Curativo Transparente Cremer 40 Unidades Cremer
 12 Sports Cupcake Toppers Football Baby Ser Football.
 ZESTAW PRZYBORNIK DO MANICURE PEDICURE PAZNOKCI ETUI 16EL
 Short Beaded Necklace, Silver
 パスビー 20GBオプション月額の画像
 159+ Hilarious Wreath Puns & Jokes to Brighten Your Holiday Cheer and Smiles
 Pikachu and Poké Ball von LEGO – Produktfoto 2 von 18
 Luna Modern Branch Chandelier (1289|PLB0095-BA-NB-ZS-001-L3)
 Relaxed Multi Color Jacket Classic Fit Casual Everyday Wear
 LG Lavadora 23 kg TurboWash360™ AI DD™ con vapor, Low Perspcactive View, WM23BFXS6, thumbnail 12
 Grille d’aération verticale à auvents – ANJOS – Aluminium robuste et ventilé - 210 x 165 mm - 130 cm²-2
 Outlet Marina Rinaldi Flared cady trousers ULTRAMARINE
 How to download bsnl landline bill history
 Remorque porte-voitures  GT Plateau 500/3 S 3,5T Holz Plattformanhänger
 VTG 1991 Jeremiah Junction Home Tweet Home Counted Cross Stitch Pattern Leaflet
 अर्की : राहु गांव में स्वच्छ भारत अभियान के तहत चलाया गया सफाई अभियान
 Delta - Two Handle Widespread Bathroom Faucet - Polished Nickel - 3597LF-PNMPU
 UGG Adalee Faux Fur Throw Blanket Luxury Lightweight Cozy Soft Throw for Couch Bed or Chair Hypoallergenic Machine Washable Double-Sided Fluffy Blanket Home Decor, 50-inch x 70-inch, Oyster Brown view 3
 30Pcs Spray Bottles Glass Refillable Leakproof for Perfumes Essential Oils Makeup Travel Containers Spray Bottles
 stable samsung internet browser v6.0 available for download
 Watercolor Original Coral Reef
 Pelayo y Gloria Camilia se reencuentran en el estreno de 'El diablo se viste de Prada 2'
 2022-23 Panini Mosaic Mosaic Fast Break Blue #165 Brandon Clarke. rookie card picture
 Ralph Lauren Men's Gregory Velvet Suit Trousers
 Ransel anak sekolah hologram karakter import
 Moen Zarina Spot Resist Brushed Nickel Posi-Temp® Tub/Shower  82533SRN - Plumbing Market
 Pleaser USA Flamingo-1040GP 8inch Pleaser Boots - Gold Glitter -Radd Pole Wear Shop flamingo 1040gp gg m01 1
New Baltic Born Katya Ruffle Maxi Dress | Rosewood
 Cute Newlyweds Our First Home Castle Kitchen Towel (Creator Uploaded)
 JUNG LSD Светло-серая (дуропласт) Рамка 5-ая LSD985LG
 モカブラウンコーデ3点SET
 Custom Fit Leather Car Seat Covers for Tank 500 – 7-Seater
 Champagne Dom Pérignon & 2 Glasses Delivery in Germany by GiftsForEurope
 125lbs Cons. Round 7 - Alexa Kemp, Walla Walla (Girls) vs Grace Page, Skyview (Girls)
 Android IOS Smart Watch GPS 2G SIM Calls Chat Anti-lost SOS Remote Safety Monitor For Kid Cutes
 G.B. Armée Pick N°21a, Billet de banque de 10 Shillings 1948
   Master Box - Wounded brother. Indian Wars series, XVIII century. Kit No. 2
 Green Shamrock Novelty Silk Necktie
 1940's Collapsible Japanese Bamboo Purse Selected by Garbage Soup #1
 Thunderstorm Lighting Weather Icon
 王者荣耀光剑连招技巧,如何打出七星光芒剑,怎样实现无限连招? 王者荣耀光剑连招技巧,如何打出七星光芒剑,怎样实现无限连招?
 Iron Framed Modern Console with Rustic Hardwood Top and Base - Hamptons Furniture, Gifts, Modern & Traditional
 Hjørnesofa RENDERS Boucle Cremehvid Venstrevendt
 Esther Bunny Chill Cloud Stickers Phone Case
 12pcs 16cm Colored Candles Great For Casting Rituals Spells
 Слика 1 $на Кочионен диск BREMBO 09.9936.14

__ACTIVITY__. Pick every line of the data that includes the string "download".

__SOLUTION TO THE PROBLEM__.
 How to download bsnl landline bill history
 stable samsung internet browser v6.0 available for download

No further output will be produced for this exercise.